Он неловко протянул мне букет, я взяла его.

— Спасибо, — прошептала я, — они очень красивые.

— Надеюсь, — ответил он все с той же странной растерянной улыбкой. — Продавщица сказала, что эти — самые красивые. Кроме того, я выбирал по запаху.

— Присядьте, пока я поставлю их в воду.

Я взяла его под локоть, чтобы проводить к дивану. Ткань его рубашки скрипела под моими пальцами, словно он только что вынул ее из упаковки. Я смущенно подумала, что Кармин хочет мне что-то сказать, иначе бы он не пришел, по крайней мере, не так — с цветами и в новой рубашке. Я села рядом с ним и положила гвоздики на колени, в этот момент у меня не было сил идти искать вазу для них. Под моей ладонью целлофановая обертка скрипела так же, как до этого ткань рубашки. Я посмотрела на Кармина. Никто за время моего отсутствия не брил его, подбородок и щеки были такими же черными, как у Адема по утрам, чтобы зарасти щетиной, ему потребовалось четыре дня, тогда как моему мужу хватало одной ночи, черный и жесткий волос был его семейной особенностью. Адем говорил иногда, шутя, что начиная с четырнадцати лет для бритья ему нужна была сабля.

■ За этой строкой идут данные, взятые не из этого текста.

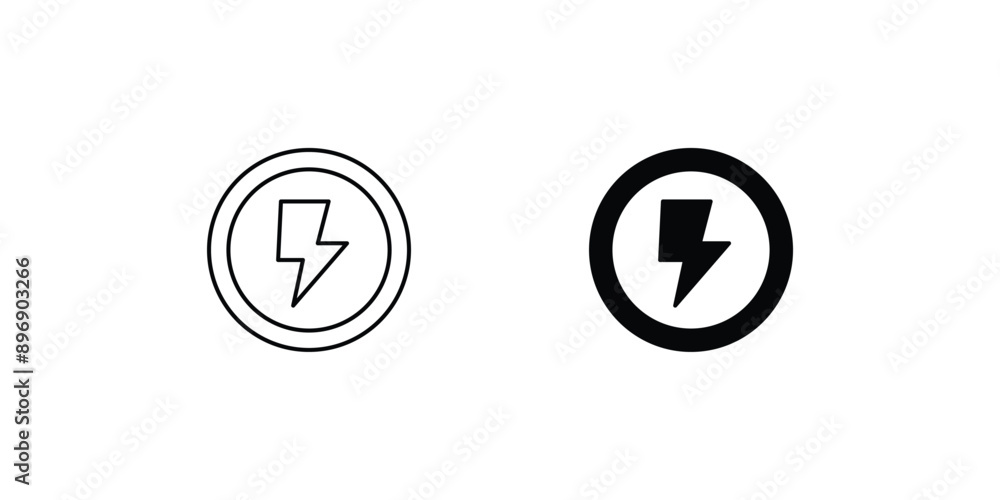 flash set icon with white background vector stock illustration flash set icon with white background vector stock illustration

— Кто занимался вами в последние дни? — спросила я, чтобы что-нибудь сказать. Нам странным образом было сейчас неуютно рядом друг с другом, я должна была догадаться, что он что-то знает.

— Ваш муж и потом Мелих каждый вечер приносили мне ужин.

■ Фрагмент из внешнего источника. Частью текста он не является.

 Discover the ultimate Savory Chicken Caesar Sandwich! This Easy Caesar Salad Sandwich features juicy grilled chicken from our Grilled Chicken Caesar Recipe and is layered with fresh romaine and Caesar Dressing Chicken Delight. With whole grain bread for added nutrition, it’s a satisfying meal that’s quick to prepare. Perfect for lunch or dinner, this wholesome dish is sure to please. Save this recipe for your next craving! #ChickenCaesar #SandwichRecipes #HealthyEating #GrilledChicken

Я кивнула. Гвоздики действительно хорошо пахли, почти неуловимый сначала, запах теперь стал почти дурманящим, напоминавшим запах лилий. Я просунула руку внутрь обертки, чтобы потрогать цветы.

— Мне стало лучше, — сказала я. — Уже завтра спущусь к вам, а послезавтра тем более.

— Я на это надеюсь, — ответил он, улыбаясь. — Мне вас не хватает, и потом, мои картины… Я закончил последние, те, что из парка, но не уверен, что не ошибся. Я спросил у Мелиха, вы знаете, — добавил он, оживившись, — у него почти такой же точный глаз, как у вас, так вот, думаю, у нас будет еще много работы…

Тут он осекся и продолжил уже изменившимся голосом:

— Если, конечно, у вас еще есть желание помогать мне писать.

Я ответила не сразу. Смотрела на гвоздики, лежащие у меня на коленях, и думала о том, что точно знаю, как описать их — цвет, форму стеблей и лепестков; однако ужас, сильный до тошноты, охватил меня при одной мысли, что мне придется вернуться туда вместе с Кармином и снова описывать ему все, ведь это место, если можно так выразиться, перестало существовать для меня, и я не понимала, как могла бы снова войти туда однажды. Я положила букет на пол.

— Может быть, позже, — сказала я совсем тихо. — Не настаивайте, Кармин, может быть, позже, но сейчас я не могу, не могу.

Он кивнул в знак согласия, но я все-таки заметила, что его лицо помрачнело; я понимала, что эти картины значили для него, и знала, что, кроме них, у него не было иного смысла в жизни. Но я не могла: все эти картины, выставленные у него, картины, которые мы вместе создали, — сама мысль увидеть их снова была для меня невыносима.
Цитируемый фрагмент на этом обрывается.